Marathon Petroleum (MPC -3.67%) is still in the middle of a major strategic review of its corporate structure. Management has communicated what it plans to do with its stake in master limited partnership MPLX (MPLX 0.55%), but there is still the issue of what it will do with its retail and fueling station business. 

For now, though, the company's second-quarter earnings reflected that these two nonrefining business segments are indeed valuable to the bottom line, as they helped offset another challenging quarter for refining. Here's a look at Marathon's most recent results.

Oil refnery at night

Image source: Getty Images.

By the numbers

Metric Q2 2017 Q1 2017 Q2 2016
Revenue $18.35 billion $16.39 billion $16.79 billion
EBITDA  $1.64 billion $896 million $1.95 billion
Net income  $515 million $30 million $801 million
EPS $1.00 $0.06 $1.51

Data source: Marathon Petroleum earnings releases. EBITDA = earnings before interest, taxes, depreciation, and amortization.

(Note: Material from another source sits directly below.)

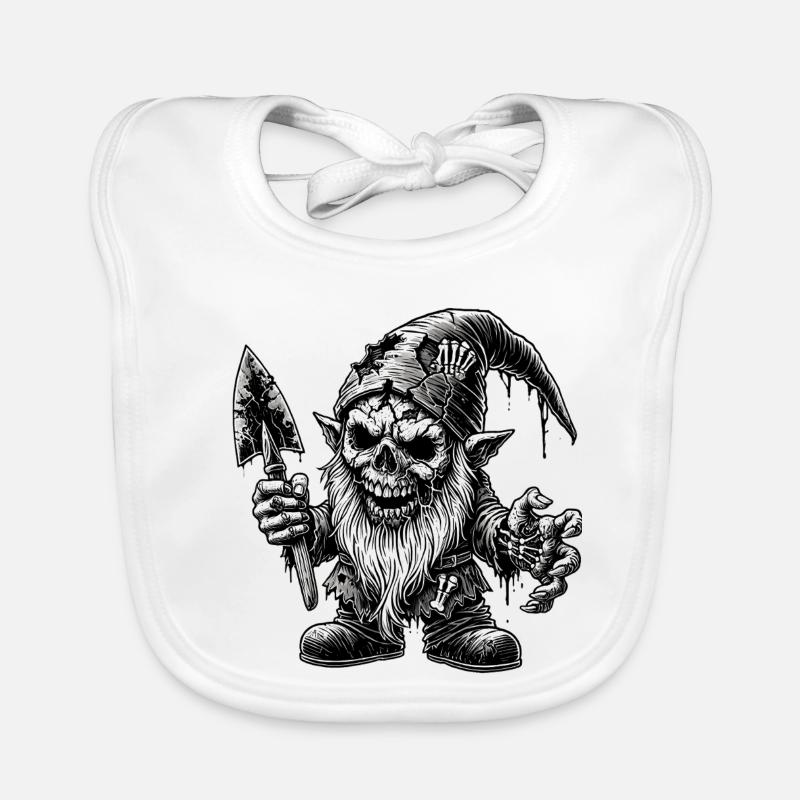 Zombie Dwarf from Hell Organic Baby Bibs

An uncommonly large amount of maintenance and turnaround work heavily influenced Marathon's first-quarter earnings. This quarter, though, that trend was reversed as the company recorded a utilization rate of 103%. The setback was weaker margins. This isn't unique to Marathon, however, as weak margins have had a negative impact on almost all U.S. refiners lately. Even though crude oil is relatively cheap, the U.S. is swimming in oversupplies of refined products that have kept prices down and margins razor-thin for refiners. 

Thankfully, though, Marathon's nonrefining assets are large enough -- and run well enough -- to offset weakness in the refining segment. Its Speedway marketing segment had one of its best results ever. Also, its midstream business, which mostly comprises its investment in MPLX, continues to grow from Marathon dropping down assets and investing in its own growth projects. 

MPC operating income by business segment for Q2 2016, Q1 2017, and Q2 2017. Shows steady improvement in Speedway and Midstream, offsetting declining Refining results

Image source: Marathon Petroleum earnings release. Chart by author.

Marathon is in the middle of a major restructuring that will involve several transactions with MPLX to move all midstream assets to the subsidiary as well as exchange its general partnership ownership -- and the incentive distribution rights that go with it -- for an even larger share of limited partner units. Those sales and dropdowns should net Marathon a huge chunk of cash -- $9 billion to $11 billion -- to play with. 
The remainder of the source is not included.